Zuerst will Chris der FBI-Agentin keinen Glauben schenken, als die ihm die schockierende Nachricht überbringt. Nach und nach stellen sich erste Zweifel ein - ist es vielleicht doch möglich, dass Thora sich seiner entledigen will? Doch weder er noch Alex können ahnen, wie weitreichend die ganze Angelegenheit ist - und wie gefährlich
Schon von Anfang an weiß der Leser, wer die Guten und wer die Bösen sind. Und wie es sich für eine bestimmte Art von amerikanischen Thrillern gehört, sind die Guten wie die Bösen ganz besondere Menschen, fernab vom Otto-Normalverbraucher. Die trotz ihres von Narben entstellten Gesichtes attraktive FBI-Agentin ist zielstrebig und verfolgt ihre hehren Ziele mit Ehrgeiz und Leidenschaft. Der nicht weniger gutaussehende Dr. Chris Shepard ist sportlich und intelligent, seine offenbar zu den Bösen zählende Frau Thora ist ebenfalls mit diversen positiven Eigenschaften von Gott gesegnet, was Aussehen und Sportlichkeit anbelangt, während der eigentliche Oberbösewicht ein ebenso genialer wie abgrundtief böser - und im Grunde nicht wirklich unattraktiver - Mensch ist, den man einfach nur verabscheuen kann. Die Charaktere entwickeln zu keinem Zeitpunkt Tiefe, wenngleich Iles sich durch langatmige Passagen, die einen Blick in die Vergangenheit der Figuren seines Romans werfen, redlich darum bemüht.

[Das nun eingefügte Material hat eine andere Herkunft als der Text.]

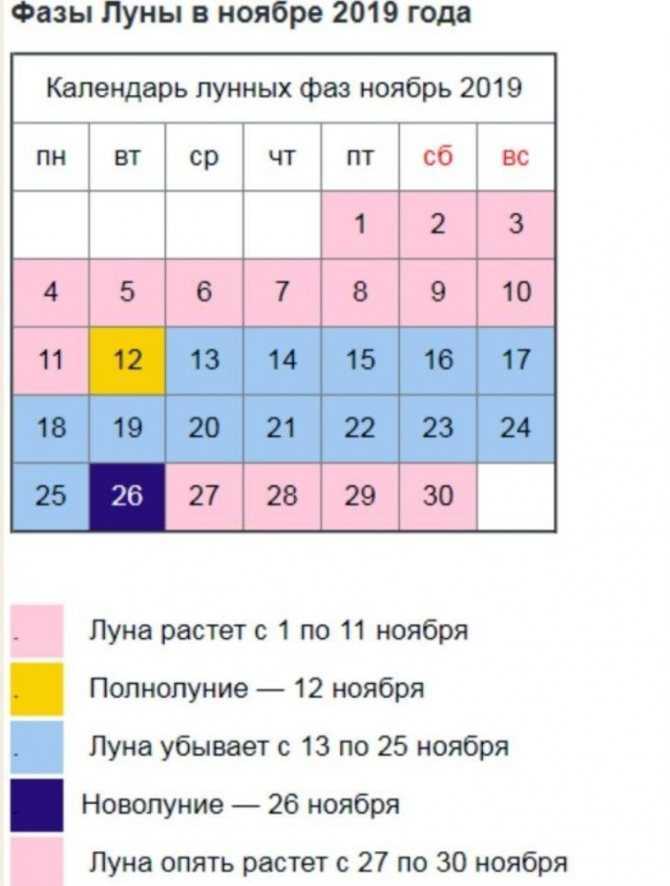 Когда квасить капусту в октябре 2021 года по лунному календарю, благоприятные дни для засолки
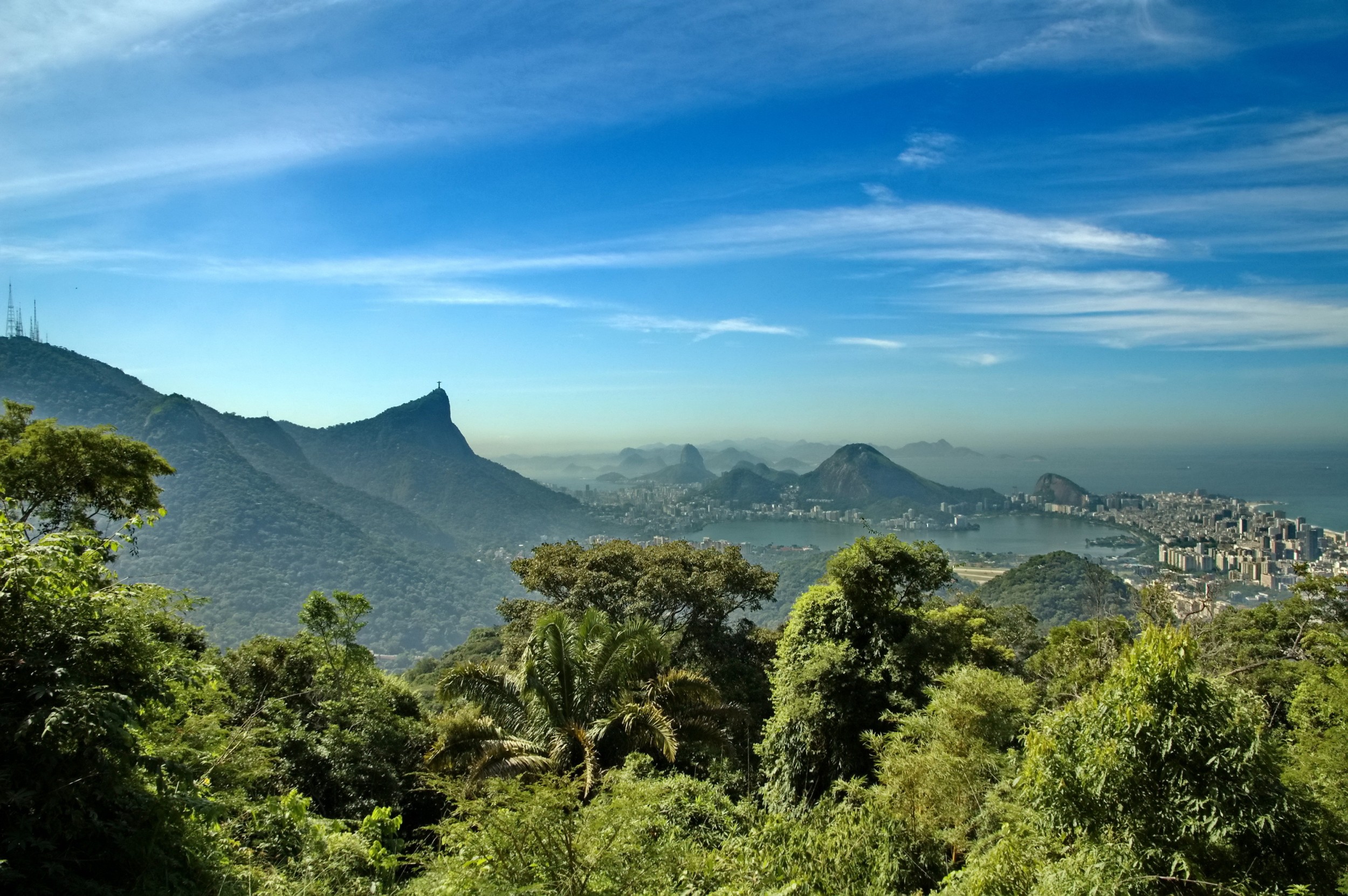 Resultado de imagem para MATA ATLÃ‚NTICA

Während also keiner der Pro- oder Antagonisten den Leser zur Identifikation oder zum Mitfiebern einlädt, steht es um die eigentliche Handlung schon etwas besser. Die Grundidee mit der geschickten und unauffälligen "Entsorgung" von Ehepartnern ist gut und die Umsetzung kann sich sehen lassen, wenngleich auch hier wieder der Stempel
typisch amerikanisch aufgedrückt werden muss: Wenn man nur fest genug an etwas glaubt, kann man alles schaffen - das gilt für Alex genauso wie für ihre Widersacher. Unterhaltsam und ab dem zweiten Drittel des Buches ist das aber allemal.
Einen soliden, in vielen Aspekten aber leider auch völlig typischen amerikanischen Thriller legt Greg Iles mit "Leises Gift" vor. Fans des Autors werden voll auf ihre Kosten kommen, denn hier werden eine interessante Handlung mit Spannung und etwas Action verknüpft. Wer aber daneben auch Wert auf komplexe, sympathische Charaktere und glaubwürdige Interaktion legt, wird mit diesem Thriller nicht ganz so viel Vergnügen haben.